“What does writer’s block feel like?”
I think that just as much as every writer has their own process for writing, each and every one probably experiences writer’s block in different ways.
The easiest way to envisage writer’s block is a pair of clawed hands holding the writer back, rendering him or her unable to reach their pen, keyboard, or quill. It’s those hands, though, that take on different shapes.
For me, particularly, there are two types of hands. One is called ‘doubt’, the other, ‘distraction’. The first, quiet but persistent, is like a buzzing whisper in my ear, reminding me that what I’m writing may, in fact, be utterly inconsequential for anyone other than myself. The second, a more restless being, taps persistently on my brain, prompting it to follow a number of different flitting and fleeting items that seem to desperately require my attention.

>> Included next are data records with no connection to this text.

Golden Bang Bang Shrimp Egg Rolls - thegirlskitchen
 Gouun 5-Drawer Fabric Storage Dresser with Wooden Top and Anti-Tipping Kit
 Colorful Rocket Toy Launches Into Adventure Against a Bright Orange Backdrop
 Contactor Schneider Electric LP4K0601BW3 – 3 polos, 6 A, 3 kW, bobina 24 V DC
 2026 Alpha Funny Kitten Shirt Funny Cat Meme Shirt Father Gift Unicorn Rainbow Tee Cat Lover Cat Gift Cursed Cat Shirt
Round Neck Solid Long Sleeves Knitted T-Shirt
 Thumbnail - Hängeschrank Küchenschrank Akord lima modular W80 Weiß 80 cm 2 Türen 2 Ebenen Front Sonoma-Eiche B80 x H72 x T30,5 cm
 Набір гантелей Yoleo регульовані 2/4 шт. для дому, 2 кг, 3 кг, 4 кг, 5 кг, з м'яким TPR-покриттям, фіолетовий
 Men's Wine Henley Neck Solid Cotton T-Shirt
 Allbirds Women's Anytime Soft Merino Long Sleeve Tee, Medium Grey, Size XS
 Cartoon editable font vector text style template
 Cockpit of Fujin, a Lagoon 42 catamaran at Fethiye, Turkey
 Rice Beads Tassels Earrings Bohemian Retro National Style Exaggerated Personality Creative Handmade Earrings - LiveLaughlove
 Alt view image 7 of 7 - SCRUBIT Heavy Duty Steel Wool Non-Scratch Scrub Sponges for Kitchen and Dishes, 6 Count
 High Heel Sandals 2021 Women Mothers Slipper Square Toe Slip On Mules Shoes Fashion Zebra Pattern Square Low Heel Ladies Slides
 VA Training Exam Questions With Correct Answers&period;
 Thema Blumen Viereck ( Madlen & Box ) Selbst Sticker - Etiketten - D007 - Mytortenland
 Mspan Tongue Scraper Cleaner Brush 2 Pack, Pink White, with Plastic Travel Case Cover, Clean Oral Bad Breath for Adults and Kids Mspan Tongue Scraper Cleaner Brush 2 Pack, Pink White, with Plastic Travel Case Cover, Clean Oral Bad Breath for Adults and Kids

The first I’ve learned to ignore by and by, reassuring myself that, at the very least, what I’m doing now is something I will look back on proudly. The second is harder to shake. It seems like there are a million and one things that need reading, watching, listening, and all right at this instant. To try and fend off this particular hand, I find that I need to get out of the house into a place where I’m seen by other people that—even though they don’t know that I’m writing—keep me accountable.
I’m constantly battling these two clawed hands of mine, but, I find, when I do produce a significant amount of work, it feels like that much more of an accomplishment.